Theatre review: Tour de force Ralph Fiennes steals the show in Man and Superman
Lyttelton Theatre | ★★★★☆
Whew, how he does talk!” So exclaims the commodore from Don Juan, listening in as Ralph Fiennes’ garrulous Juan debates with the Devil. The same applies to Jack Tanner, Juan’s descendant and the protagonist of this supremely wordy play. First performed in 1905, George Bernard Shaw’s Man and Superman may be a romantic comedy, but its relentless wit surrounds a mountain of philosophic conjecture, largely delivered by Fiennes.
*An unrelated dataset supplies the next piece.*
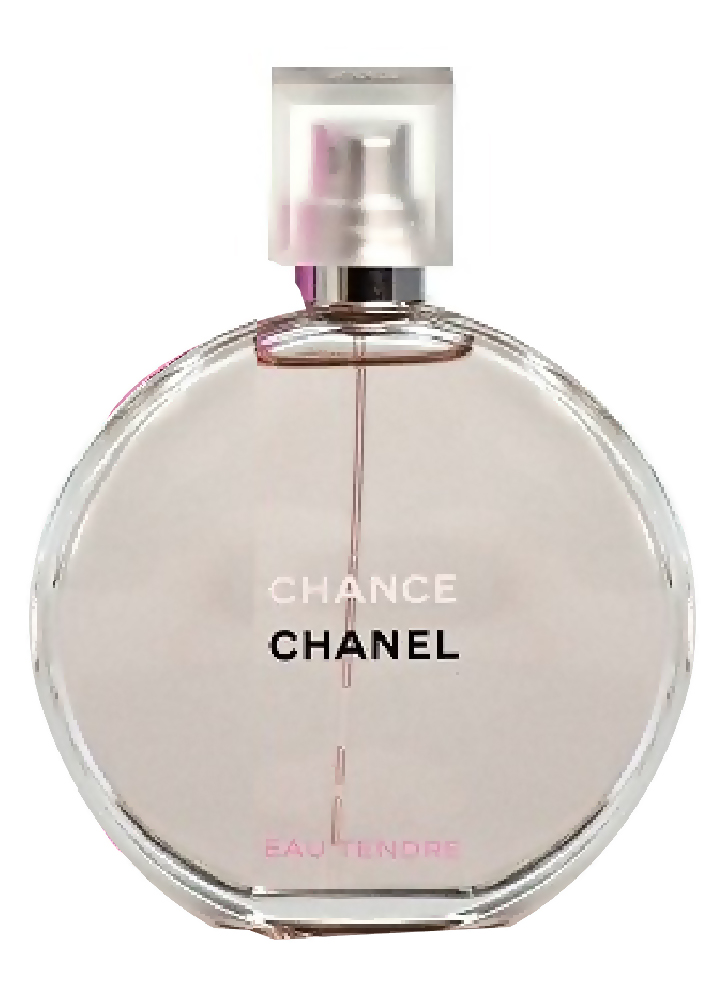 Perfume Chanel Chance Eau Tendre for women Eau de Toilette 100 ml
And what a delivery. Tanner is a man of startling contradictions, both loquacious dandy and hypocritical bore, dazzlingly assured and yet ultimately vulnerable. Fiennes plays him with incredible verve, capturing his character from every angle. There are glimmers of Gustave H from The Grand Budapest Hotel in his silver-tongued suaveness, but here the charisma is just one facet. As Don Juan imagined by Tanner in a dream, Fiennes exudes a melancholy fervour, caught between striving and hopelessness.
His linguistic mastery is breathtaking, lending an almost Shakespearian rhythm to Shaw’s prose, and this alone makes this production a marvel.
The dual structure of the play, in which an Edwardian comedy of manners encloses a metaphysical dream sequence, grants the whole piece an exaggerated hyperreality. It feels like the world’s most intellectual sitcom, set in some strange junction between Oscar Wilde and Goethe’s Faust. The cast embrace this with aplomb. As Ann Whitfield, the Beatrice to Tanner’s Benedick, Indira Varma winningly conveys a mixture of cold manipulation and magnetic charm. Tim McMullan is excellent both as a desperately romantic bandit and a slickly hospitable Satan.
Shaw’s play is as much a literary work as a performance piece. Characters are prone to standing around as others declaim, giving some passages a visual staticity that makes an interesting counterpoint to its verbal contortions. But this is an issue with the text, not the production. Director Simon Goodwin’s judicious cuts keep the dialogue fizzing along, and the uncluttered sets underscore that this a play grounded in conversation rather than action. The walls of white panels that dominate the stage are used to mesmeric effect in the dream sequence, alternatively blinding us with unearthly light and plunging us into darkness.
Man and Superman requires work. Though often hilarious, it hinges upon ideas, many of them mired in Shaw’s early twentieth century milieu. The arch delivery forsakes realism for a heightened theatricality often scorned in contemporary theatre. Open yourself up to it though, and you’ll find the most satisfying production of the year so far.